Sane (Burmese: စနဲမြို့; also spelled as Sanai, or Sanae Town) is a town located within Kyaukphyu Township in Rakhine State, Myanmar. It is a strategically important town for the access of Kyaukphyu township as it is 30 miles south of its township. As of 2026, it is controlled by the Arakan Army (AA).

== Incidents ==
In November 2020, around 160 civilians escaped for shelter from Ramree township to Sane town due to conflict between the AA & Myanmar military. On 9 October 2024, four residents of Sane were arrested by the military council. 14 residents were detained by the military council on 24 July 2024, and 7 of them were released on the night of next day.

The town has been repeatedly attacked by the junta. A woman was killed and at least six others were injured when a military council drone dropped eight bombs on the town. About 100 houses in the Shwe Hintha ward of the town were burned down on May 19, 2026. On March 24, the central ward of the town was also hit by drone strikes causing four people to be injured and houses damaged. The town has been bombed for days during late May 2026, forcing 6,000 locals to be displaced and flee the area.

Since May 2026, the junta has launched an offensive to retake the town from Arakan Army. The offensive to capture Sanai included a total of over 400 troops from various Infantry Battalions under the 11th Army Division.
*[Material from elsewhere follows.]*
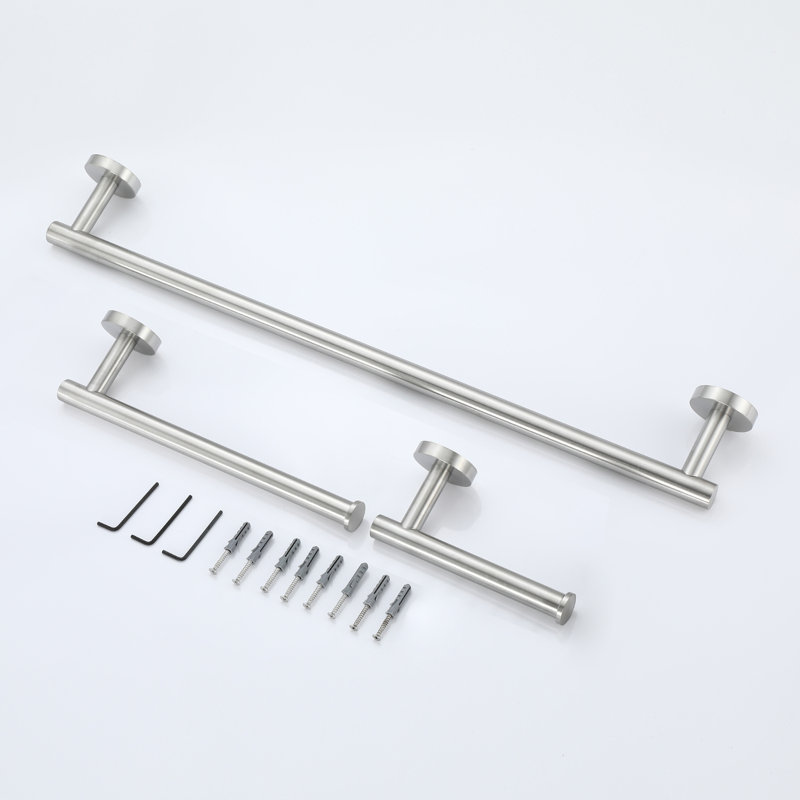 24 " 3 - Bar Wall Towel Rack Towel Bar, Brushed Nickel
Between 28 May to 30 May, fierce fighting broke out and at least 40 junta soldiers were killed, including large amount of weapons were seized by Arakan Army.

== Strategic importance ==
Sane Town is located more than 30 miles south of the Kyaukphyu township capital. Control of Sane and surrounding areas by the junta is assessed as complicating for AA operations towards Kyaukphyu. According to locals and analysts, the junta intends to use Sane as a stepping stone towards future offensives on Ramree and defensive preparations for Kyaukphyu.